Offer title : PhD in Environemental Humanities (M/F) (H/F)
Reference : UMR5281-GWEPUL-001
Number of position : 1
Workplace : MONTPELLIER
Date of publication : 25 September 2024
Type of Contract : PhD Student contract / Thesis offer
Contract Period : 36 months
Start date of the thesis : 1 January 2025
Proportion of work : Full time
Remuneration : 2 135,00 € gross monthly
Section(s) CN : Spaces, territories and societies

Description of the thesis topic

“Living and farming in a polluted world: the case of periurban aquaculture in Hanoi, Vietnam”

A three-year doctoral fellowship is open in the research project CityFish — “Exploring aquaculture in cities: from water pollution to human health”. CityFish is a 4-year project funded by the French National Agency for Research (ANR) in 2024-2028.

Context of the CityFish project
Aquaculture is one of the fastest-growing sectors in the global food system. In 2018, it produced 82 million tons of fish (FAO, 2020), accounting for half of the world' fish production for human consumption. While aquaculture farms are mainly located on coastal and rural areas, several farms expand on urban and periurban regions, especially in Asia. These farms are particularly exposed to urban pollution, both biotic and abiotic. They are also expected to contribute to the management of pollutants through recycling urban waste, including wastewater (Bunting and Little, 2015). However, they also contribute to pollution, especially through the increasing use of antibiotics in fish farming (Cabello, 2006). This leads to the spread of antibiotic residues and antimicrobial resistance (AMR) in the environment, posing a threat to human, animal and environmental health. Consequently, fish farms in Asia's suburban areas illustrate the reality of living and producing in a “toxic world” (Boudia & Jas, 2019) and are at the core of the environment-food system-human health nexus.
Antibiotic residues and microorganisms resistant to antibiotics (and resistance genes) contribute to this toxic world. AMR is one of the top global public health threats according to WHO, contributing to 5 million deaths per year worldwide. Vietnam is an epicenter for AMR, and in particular for multi-resistant bacteria. With a One Health approach, the CityFish project aims to document the drivers of antimicrobial resistance, focusing on the case of aquaculture in Hanoi: how do aquaculture farms, given their spatial and socio-technical diversity, contribute to AMR? To achieve this, the project will be based on an interdisciplinary approach combining qualitative methods, GIS, biogeochemical and microbiological analyses. The PhD research will contribute to the project by studying how aquaculture farmers manage, adapt and potentially contribute to the pollution of their environment.
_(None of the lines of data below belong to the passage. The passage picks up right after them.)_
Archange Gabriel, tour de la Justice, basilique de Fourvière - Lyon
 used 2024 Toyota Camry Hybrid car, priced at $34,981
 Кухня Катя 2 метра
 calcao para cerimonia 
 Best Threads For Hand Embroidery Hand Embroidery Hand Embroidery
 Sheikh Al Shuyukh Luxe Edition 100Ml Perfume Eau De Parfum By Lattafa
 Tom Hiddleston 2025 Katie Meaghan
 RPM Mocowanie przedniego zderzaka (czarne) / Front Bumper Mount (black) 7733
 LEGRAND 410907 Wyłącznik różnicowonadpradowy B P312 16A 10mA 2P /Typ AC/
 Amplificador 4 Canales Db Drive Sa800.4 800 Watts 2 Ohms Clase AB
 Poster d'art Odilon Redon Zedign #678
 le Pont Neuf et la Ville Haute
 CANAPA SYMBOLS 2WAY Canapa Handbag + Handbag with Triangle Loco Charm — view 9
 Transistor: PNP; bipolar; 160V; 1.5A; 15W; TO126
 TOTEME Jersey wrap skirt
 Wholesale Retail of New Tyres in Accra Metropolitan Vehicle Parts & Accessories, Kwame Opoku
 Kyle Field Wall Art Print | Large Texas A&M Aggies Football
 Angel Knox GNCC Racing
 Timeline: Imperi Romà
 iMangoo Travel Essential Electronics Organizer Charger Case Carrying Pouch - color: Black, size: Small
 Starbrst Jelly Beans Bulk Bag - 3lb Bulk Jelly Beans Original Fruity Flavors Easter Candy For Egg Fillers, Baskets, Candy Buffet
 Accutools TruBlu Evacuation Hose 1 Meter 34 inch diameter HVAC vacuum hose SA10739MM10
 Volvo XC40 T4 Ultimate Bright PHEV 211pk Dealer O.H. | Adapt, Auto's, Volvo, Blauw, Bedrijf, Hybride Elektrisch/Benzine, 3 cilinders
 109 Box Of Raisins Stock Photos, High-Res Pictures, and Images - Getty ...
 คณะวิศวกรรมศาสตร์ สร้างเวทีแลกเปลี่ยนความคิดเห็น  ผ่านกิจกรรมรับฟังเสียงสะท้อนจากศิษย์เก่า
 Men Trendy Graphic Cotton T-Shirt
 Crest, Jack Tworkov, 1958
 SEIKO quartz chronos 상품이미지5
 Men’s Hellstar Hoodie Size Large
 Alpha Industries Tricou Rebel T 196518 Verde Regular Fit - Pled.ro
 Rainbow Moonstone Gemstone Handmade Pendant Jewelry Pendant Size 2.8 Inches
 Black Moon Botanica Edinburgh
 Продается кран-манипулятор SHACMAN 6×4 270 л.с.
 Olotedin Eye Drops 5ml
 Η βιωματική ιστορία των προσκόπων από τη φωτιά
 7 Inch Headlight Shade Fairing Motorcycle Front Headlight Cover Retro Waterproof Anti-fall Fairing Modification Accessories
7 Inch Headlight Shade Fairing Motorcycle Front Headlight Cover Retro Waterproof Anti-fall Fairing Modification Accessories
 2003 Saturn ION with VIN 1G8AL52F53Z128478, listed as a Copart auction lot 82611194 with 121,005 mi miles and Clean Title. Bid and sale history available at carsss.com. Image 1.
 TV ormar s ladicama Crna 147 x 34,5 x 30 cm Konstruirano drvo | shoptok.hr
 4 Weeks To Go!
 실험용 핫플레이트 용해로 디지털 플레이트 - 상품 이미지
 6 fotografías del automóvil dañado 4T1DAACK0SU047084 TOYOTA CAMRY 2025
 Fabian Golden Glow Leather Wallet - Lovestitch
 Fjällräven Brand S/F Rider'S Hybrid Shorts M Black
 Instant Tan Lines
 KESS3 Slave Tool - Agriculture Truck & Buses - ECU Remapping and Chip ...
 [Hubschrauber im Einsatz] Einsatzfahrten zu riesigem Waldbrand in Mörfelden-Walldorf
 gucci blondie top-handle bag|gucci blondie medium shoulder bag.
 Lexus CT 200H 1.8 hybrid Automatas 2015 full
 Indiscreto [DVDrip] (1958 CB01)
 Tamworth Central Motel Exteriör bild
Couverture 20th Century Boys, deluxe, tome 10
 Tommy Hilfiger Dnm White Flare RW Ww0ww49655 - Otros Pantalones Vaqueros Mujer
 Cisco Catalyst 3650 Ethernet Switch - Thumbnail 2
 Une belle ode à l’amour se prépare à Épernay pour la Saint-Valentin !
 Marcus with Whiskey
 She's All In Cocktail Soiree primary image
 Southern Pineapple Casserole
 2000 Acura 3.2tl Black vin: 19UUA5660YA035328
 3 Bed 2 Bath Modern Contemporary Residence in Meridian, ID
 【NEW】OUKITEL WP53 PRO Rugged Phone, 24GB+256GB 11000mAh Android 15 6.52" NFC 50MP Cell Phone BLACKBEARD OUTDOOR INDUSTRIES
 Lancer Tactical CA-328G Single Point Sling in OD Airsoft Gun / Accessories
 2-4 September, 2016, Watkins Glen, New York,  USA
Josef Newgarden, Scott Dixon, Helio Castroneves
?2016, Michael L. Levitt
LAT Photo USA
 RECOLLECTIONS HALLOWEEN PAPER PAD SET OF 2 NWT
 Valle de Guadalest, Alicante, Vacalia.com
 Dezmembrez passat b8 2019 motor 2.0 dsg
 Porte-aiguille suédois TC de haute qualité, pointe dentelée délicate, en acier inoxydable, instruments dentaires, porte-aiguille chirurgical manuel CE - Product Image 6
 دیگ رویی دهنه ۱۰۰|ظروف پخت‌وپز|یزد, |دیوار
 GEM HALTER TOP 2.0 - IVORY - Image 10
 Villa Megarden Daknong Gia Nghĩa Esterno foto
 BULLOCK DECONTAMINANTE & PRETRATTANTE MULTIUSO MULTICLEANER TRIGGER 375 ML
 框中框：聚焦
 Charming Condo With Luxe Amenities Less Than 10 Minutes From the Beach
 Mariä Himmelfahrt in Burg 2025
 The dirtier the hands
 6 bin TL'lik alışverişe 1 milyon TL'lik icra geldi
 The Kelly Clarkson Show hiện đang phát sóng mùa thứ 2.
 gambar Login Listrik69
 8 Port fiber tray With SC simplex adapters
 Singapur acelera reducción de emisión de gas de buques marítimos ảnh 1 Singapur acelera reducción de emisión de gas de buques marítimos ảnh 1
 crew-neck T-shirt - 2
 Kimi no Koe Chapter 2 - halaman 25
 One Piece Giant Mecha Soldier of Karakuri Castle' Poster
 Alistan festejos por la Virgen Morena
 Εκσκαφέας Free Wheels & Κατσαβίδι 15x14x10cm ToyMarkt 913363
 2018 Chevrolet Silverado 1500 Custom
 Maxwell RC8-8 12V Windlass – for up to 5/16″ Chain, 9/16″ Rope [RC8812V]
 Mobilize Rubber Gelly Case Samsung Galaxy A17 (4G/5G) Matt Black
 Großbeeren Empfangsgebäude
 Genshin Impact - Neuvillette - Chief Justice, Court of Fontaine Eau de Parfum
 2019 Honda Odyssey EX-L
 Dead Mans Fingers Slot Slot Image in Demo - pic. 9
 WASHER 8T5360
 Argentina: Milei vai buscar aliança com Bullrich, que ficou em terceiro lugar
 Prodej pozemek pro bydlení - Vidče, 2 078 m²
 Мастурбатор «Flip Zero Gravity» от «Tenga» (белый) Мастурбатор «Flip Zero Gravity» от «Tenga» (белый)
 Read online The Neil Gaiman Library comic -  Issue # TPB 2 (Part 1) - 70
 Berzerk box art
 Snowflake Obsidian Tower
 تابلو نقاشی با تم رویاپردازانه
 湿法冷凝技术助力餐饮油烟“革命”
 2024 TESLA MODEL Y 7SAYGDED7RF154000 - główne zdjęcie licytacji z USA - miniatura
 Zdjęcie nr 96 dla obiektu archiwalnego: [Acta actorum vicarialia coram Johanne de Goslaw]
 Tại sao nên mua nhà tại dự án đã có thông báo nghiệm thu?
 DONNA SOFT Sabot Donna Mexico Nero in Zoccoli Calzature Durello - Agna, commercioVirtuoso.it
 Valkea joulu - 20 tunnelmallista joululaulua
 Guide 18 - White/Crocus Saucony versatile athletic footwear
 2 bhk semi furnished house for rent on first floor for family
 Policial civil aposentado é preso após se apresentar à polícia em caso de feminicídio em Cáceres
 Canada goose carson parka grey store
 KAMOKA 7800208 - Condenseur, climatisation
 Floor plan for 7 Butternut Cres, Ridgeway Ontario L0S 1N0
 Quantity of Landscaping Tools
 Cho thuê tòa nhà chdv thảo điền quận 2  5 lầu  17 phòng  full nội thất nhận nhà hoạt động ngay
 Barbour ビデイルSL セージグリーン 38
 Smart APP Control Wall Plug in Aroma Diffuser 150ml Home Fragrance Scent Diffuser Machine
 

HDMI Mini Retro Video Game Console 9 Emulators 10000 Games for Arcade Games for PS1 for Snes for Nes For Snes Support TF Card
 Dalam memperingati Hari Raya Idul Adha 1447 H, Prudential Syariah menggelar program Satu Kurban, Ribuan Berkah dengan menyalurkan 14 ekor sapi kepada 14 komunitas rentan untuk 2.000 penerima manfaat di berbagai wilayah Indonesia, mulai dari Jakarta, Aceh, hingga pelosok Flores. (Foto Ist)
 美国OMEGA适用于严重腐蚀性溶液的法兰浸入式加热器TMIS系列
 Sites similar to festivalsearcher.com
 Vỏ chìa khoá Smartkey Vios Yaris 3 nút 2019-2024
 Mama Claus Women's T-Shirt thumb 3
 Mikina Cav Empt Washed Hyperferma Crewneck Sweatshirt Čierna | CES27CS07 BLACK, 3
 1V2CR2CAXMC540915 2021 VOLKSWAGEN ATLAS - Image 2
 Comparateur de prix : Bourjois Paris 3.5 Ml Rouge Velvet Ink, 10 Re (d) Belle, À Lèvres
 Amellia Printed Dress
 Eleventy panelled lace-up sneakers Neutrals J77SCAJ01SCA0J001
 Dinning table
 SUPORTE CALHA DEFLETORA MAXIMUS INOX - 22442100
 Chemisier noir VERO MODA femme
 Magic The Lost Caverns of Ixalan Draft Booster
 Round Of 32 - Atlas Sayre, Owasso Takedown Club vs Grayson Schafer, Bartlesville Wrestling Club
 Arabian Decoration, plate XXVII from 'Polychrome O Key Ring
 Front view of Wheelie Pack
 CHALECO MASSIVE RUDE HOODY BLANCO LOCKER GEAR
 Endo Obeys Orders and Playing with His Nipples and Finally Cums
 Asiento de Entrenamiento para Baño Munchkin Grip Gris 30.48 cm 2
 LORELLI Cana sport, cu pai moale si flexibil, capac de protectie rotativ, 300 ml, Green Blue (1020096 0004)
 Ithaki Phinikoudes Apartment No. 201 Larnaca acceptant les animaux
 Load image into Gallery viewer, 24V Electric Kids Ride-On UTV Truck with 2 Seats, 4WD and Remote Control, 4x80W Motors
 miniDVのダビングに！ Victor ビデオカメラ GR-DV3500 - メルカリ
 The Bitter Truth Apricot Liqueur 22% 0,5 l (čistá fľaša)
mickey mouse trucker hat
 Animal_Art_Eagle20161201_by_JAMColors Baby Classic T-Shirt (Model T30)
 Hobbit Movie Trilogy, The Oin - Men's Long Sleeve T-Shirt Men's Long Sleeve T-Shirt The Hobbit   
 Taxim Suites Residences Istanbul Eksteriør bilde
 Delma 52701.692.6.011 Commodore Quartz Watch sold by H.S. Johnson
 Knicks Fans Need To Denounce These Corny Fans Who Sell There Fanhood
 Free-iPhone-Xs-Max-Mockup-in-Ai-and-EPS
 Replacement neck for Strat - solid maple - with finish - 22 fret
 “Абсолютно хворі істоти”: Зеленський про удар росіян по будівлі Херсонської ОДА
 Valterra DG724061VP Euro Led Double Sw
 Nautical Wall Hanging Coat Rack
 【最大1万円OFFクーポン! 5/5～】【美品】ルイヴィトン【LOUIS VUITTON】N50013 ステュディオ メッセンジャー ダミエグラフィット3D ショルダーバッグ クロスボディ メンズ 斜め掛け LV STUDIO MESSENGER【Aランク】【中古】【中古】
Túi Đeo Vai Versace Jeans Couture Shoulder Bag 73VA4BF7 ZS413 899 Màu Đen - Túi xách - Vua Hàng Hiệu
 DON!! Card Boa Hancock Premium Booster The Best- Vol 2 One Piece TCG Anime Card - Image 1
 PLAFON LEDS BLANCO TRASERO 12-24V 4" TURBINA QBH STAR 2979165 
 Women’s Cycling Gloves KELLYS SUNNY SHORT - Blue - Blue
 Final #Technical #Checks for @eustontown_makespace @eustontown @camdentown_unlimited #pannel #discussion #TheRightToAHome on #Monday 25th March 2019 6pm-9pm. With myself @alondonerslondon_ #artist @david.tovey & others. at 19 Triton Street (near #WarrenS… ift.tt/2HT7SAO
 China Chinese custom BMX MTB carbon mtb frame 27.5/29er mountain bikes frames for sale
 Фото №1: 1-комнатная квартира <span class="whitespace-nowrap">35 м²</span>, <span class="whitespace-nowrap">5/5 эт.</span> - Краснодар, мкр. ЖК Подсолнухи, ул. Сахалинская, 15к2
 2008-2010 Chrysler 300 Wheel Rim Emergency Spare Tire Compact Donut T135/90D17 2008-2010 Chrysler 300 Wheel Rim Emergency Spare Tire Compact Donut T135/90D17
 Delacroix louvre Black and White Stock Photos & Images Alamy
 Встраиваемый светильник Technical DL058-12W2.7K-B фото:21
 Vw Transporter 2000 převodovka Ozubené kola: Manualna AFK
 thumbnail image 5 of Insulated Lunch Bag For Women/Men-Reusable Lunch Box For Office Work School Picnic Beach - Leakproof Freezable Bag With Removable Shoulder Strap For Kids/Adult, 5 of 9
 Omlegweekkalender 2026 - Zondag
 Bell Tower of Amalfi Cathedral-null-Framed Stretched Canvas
More generally it will study how they navigate living and producing in urban areas, framed as a “toxic world”.

PhD research topic
Within the project, the PhD research will focus on the analysis of aquaculture farming practices and the challenges that farmers' face in an urban context. Some of these challenges are related to the pollution to which fish farmers, their family and their fish are exposed, as these pollutions are considered as a threat for health and farm production (in quality and quantity). The research will closely document the circulation and uses of water; it will also investigate what farmers do and how they adapt to the several constraints of the urban environment, and how they manage their animals' health. Doing so, the research will address the “social lives” (Appadurai, 1988) of pollutants, through water management and fish production.
While most research on AMR in livestock production focus on farms as sources of antimicrobial resistance and consider antimicrobial use (and misuse) as an individual responsibility, this PhD research will consider antibiotics as an infrastructure of fish farming (Chandler, 2019) and farmers' practices as a component of the “antibiotics complex” (in reference to the “pesticides complex” (Mansfield et al., 2024)). This “antibiotics complex” includes the antibiotics supply chain as well as the toxicity and pollution knowledge, the water management systems, etc.
The PhD student will first elaborate her/his theoretical and methodological framework drawing upon different fields of research and based on his/her own interest: social humanities, political ecology, actor network theory, critical food studies etc. The field research will involve conducting in-depth qualitative interviews with farmers in various areas within the Hanoi province, as well as with other stakeholders involved in fish health management and environmental monitoring. As a result, it will require long-term fieldwork in Hanoi.

Work Context

The PhD student will be co-supervised by Muriel Figuié, senior researcher in sociology at CIRAD, MoISA (Montpellier Interdisciplinary center on Sustainable Agri-food systems), and Gwenn Pulliat, researcher at CNRS, ART-Dev (Actors Resources and Territories in Development).
The position is based in Montpellier (at UMR ART-Dev: https://art-dev.cnrs.fr/) with several months of fieldwork planned in Hanoi. ART-Dev is a multi-disciplinary research unit that focuses on social, spatial and economic dynamics that shape inhabited space and its uses. In Hanoi, the student will work with the partners of the project: the Faculty of Fisheries at the Vietnam National University of Agriculture (VNUA), the Laboratory of Environmental Chemistry at the Institute of Natural Product Chemistry (INPC) at the Vietnam Academy of Science and Technology (VAST) and the Department of Life Science at the University of Sciences and Technology of Hanoi (USTH).

Constraints and risks

It is expected that the student spend several months in Hanoi during their PhD scholarship.

Additional Information

The position is funded by ANR.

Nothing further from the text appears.